The doctor will first ask you about your exact symptoms, for example, how long you have had the pain, where exactly you feel the pain and the blockage in your back and whether you suspect a possible trigger (such as a jerky wrong movement).

This anamnesis interview is followed by the physical examination. The doctor checks the mobility of the spine in different sections.

Imaging procedures (such as x-rays or magnetic resonance imaging = MRI) are primarily used to rule out other possible causes of back pain, such as injuries, inflammation or tumours.

Vertebral blockage: treatment

In the case of a vertebral blockage, the aim is to relax the painfully tense muscles. A blockage (such as a BWS or cervical spine blockage) can be released by slight movement. A physiotherapist can guide the patient in selecting and performing the movement exercises.

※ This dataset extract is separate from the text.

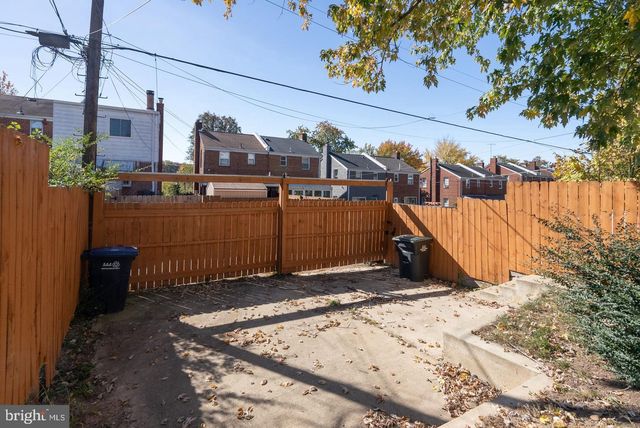 4355 G ST SE, Washington, DC 20019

If necessary, the pain of a vertebral blockage can be alleviated with painkillers. This also contributes to muscle relaxation – as does, for example, the application of heat or muscle relaxants (muscle relaxants).

Release vertebral blockage with manual therapy

Manual medicine (chirotherapy) basically recommends two therapeutic techniques for vertebral blockage – mobilization and manipulation:

During mobilisation, the therapist or doctor performs repeated slow movements of the joint in the restricted direction of movement, in the form of traction (longitudinal pull) and/or sliding movement. Thus, the limited range of motion is to be gradually expanded.

During manipulation, a short, fast, targeted movement impulse in the “free” (i.e. not the painfully restricted) direction of movement should release the vertebral blockage. Sometimes there’s a crackling sound. Manipulation may only be carried out by a specially trained doctor. It is not allowed (contraindicated) in certain situations, such as inflammatory processes, severe osteoporosis or mental disorders.

Vertebral blockage: course of disease and prognosis

With the help of a manual treatment a blockage in the back can be released. Sometimes, however, this is not even necessary, because a vertebral blockage often resolves spontaneously after a few hours or days.

About this text

This text complies with the requirements of medical literature, medical guidelines and current studies and has been reviewed by medical experts.